Expanded metal is frequently used to make fences, walkways, and grates, as the material is very durable and strong, unlike lighter and less expensive wire mesh. The many small openings in the material allow flow through of air, water, and light, while still providing a mechanical barrier to larger objects. Another advantage to using expanded metal as opposed to plain sheet metal is that the exposed edges of the expanded metal provide more traction, which has led to its use in catwalks or drainage covers.

Large quantities of expanded metal are used by the construction industry as metal lath to support materials such as plaster, stucco, or adobe in walls and other structures.

Expanded metal is also used by artists, especially sculptors, who use the material to form complex 3-dimensional surfaces and compound curves which can then be covered with plaster, clay, or other materials. For example, Niki de Saint Phalle made extensive use of expanded metal to support the curved surfaces of large-scale architectural sculptures in her Tarot Garden sculpture garden, in Tuscany, Italy.

A similar material made of stiff sheets of paper or cardboard is used as a low-cost cushioning and packaging material.

In contemporary architecture, expanded metal has been used as an exposed facade or screen material which can be formed into simple or complex decorative shapes. Photographic images may be printed on the surface, producing textures or large graphic images, which still allow light to filter through the exterior surface of a building.

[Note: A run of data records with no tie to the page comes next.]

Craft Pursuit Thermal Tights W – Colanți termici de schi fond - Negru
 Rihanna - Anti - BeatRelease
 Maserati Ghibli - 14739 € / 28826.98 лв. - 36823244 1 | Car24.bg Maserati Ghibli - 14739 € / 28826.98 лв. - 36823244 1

== Architectural applications ==
When the New Museum in New York City started winning awards for its expanded metal facade in 2021, expanded metal has seen a resurgence as an architectural design element. There are growing uses for it as second facade skin, ceilings, interior cladding, signage, retail design, parking garage screens, equipment screens, and more.

Using these materials as a sunshade is a functional application where the mesh is used to create shade inside the building reducing the heat gain inside and thus reducing energy consumption and carbon.

==Safety==
Freshly-cut expanded metal has a large number of exposed sharp edges, requiring caution and protective clothing, such as leather gloves and aprons to prevent skin abrasions and cuts.